Over the last 10 years successive governments have introduced a wide range of measures aimed at helping working parents to balance their employment with family and caring responsibilities. Most recently, the Children and Families Act 2014, which became law on 13 March 2014, introduced further improvements to the rights of working parents. New changes which have come into effect, or will in the near future, include the right to request flexible working for all employees, shared parental leave, partners entitled to take time off for up to two antenatal appointments and adoption leave for couples intending to adopt.
These changes have been driven by the increasing numbers of working parents in employment and the need to retain their skills, as well as a more general demand for a better balance between work and home life. This reflects the dramatic rise over the past 25 years of the number of families where both parents work.
Recent research from the TUC found the UK ranking last in Europe when it comes to giving new parents “well-paid” leave following the birth of their child. Under the official European definition, “well-paid” means someone getting at least two-thirds of their pre-maternity leave earnings, or a rate of pay greater than £840 (€1,000) per month.
In the UK new mothers get just six weeks of statutory maternity pay at 90% of their wage. The European average for well-paid leave for new mothers is 43 weeks.
Mothers in Britain are also entitled to an additional 33 weeks’ pay but only at £138 per week — a rate which has fallen in real terms under this government. And in the UK only about one in four women receive extra occupational maternity pay from their employers.
Similarly, the analysis says that there is not much support available to new fathers in the UK.
In total, the UK offers up to 41 weeks of paid leave to new parents, but this is the fifth lowest in Europe and less than half of the European average of 89 weeks.
The analysis also found that only one in four women in the UK receive additional occupational maternity pay from their employers.
Commenting on the findings TUC general secretary Frances O’Grady said: “Unfortunately, when it comes to supporting parents looking after a new baby, the UK is the Scrooge of Europe. Countries across Europe are incredibly diverse, especially in the challenges they face, yet all of them have found better ways to offer better support for new parents. A modest way to turn this around would be for the government to give new fathers six weeks of well-paid leave. Without a properly paid system of shared parental leave, women will continue to be forced to put their careers on hold as they continue to be primary carers in their child’s all-important first year.”

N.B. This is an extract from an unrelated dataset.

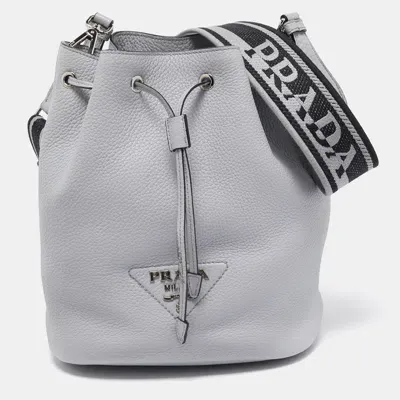 Pre-owned Prada Grey Vitello Daino Soft Leather Bucket Bag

Many employees, particularly those in workplaces with recognised trade unions, will already benefit from rights to occupational maternity, paternity and adoption leave and pay that are better than the statutory schemes, and the introduction of the new rights introduced by the Children and Families Act 2014 provides union reps with the opportunity to collectively bargain on new rights and try to improve upon the existing provisions.

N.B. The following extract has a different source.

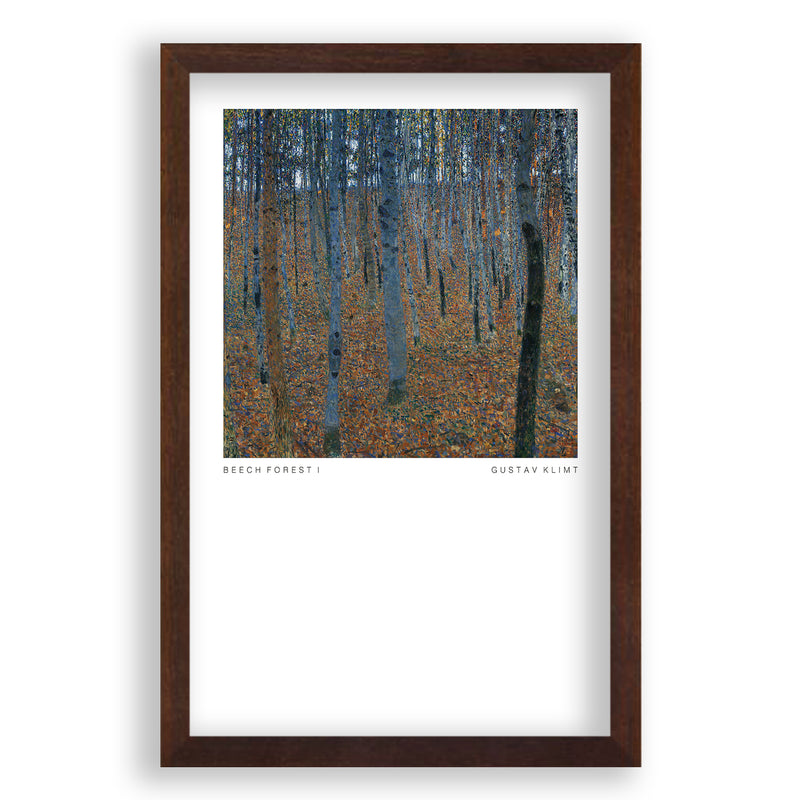 Gustav Klimt - Beech Grove I-Poster-Walnoot Eikenhoutenlijst-Walljar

This booklet explains the new legal rights for parents and provides examples of negotiated agreements to assist reps in bargaining for improvements.
There are specific Chapters covering maternity rights, shared parental leave, paternity leave, adoption and surrogacy leave and pay, parental leave, time off for dependants, flexible working and health and safety of new and expectant mothers. Also covered is the right to breastfeed, getting leave for fertility treatment, time off for antenatal appointments, adoption appointments and family emergencies.
Key changes under the Children and Families Act 2014:
• all employees can apply to work flexibly;
• new right to shared parental leave;
• new right for partners to take time off to attend up to two antenatal appointments;
• new rights for those intending to adopt, bringing adoption rights and pay in line with those who have biological children.